Berlusconi was spending the weekend outside of the public eye in his Sardinian villa.
More than 5.5 million Italians are eligible to cast ballots in almost 90 run-offs to elect mayors and other local representatives across Italy. But in political terms it all boils down to the contests in Milan and, to a lesser extent, Naples.
The conservatives have held Milan, Italy's financial and fashion capital and the center of Berlusconi's business, for nearly 20 years. The city is also a crucial power base of Berlusconi's main government party, the Northern League.
But in the first round of voting two weeks ago, Berlusconi's candidate, incumbent Mayor Letizia Moratti, trailed behind her center-left opponent, Giuliano Pisapia, by more than 6 percentage points.
In Naples, the other key race, Berlusconi's candidate, Gianni Lettieri, is seen as a front-runner after he won the first round _ though he failed to garner the 51 percent of the vote necessary to avoid a run-off. His opponent is a former magistrate, Luigi de Magistris, who promises to increase recycling to help ease Naples' long-standing garbage collection crisis.
The center-left has long controlled Naples, but Berlusconi has a chance to grab it as Neapolitans might punish local administrators for failing to solve the garbage problem and decrease the city's high unemployment rate.
Berlusconi insists his government's stability will not be affected by the local voting, whatever the result. But his own popularity has been sagging, amid the country's economic woes and his personal legal problems.

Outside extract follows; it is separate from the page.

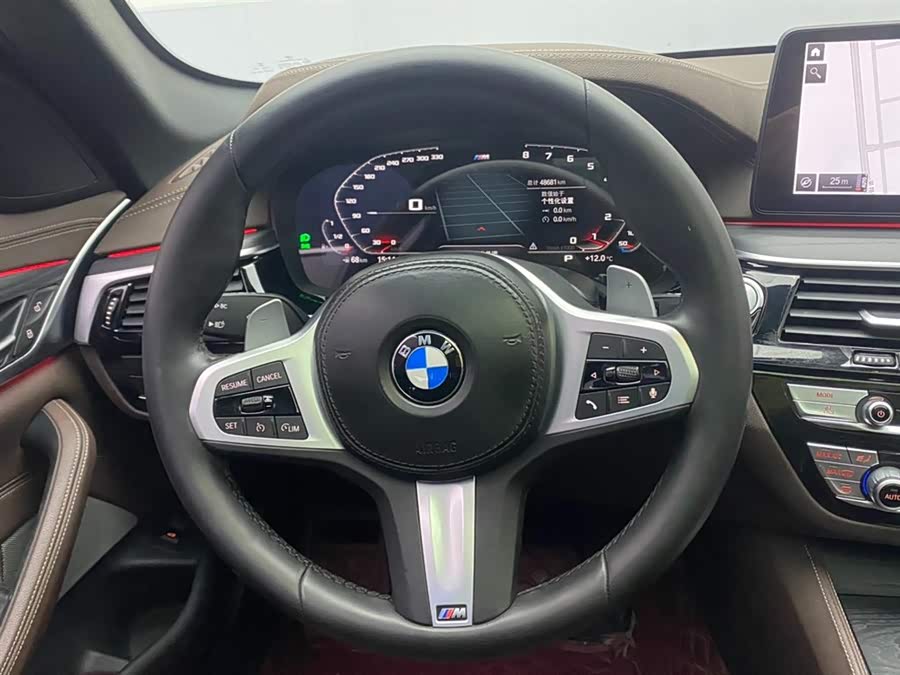 BMW 5 Series 2021 car image #15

Ratings agency Standard and Poor's has cut its outlook for Italy's debt from stable to negative, citing low growth and concerns about the government's ability to reduce public borrowing. This week, the government was criticized by the powerful industrialists' association Confindustria for failing to revive the country's sluggish economy.
In April, Berlusconi went on trial on charges that he paid for sex with an underage Moroccan prostitute and tried to cover it up. This current voting is his first electoral test since the trial opened. Another three cases _ all related to his business _ are active against him in Milan.
The premier has denied all the charges and accused magistrates of being intent of ousting him politically.
He even took his fury against the Italian magistrates to last week's Group of Eight summit in France, telling a seemingly surprised President Barack Obama that "we have almost a dictatorship of leftist judges."
The move, caught by cameras, has drawn a barrage of criticism and scorn, and led a recently appointed undersecretary, Daniela Melchiorre, to pull out of the government.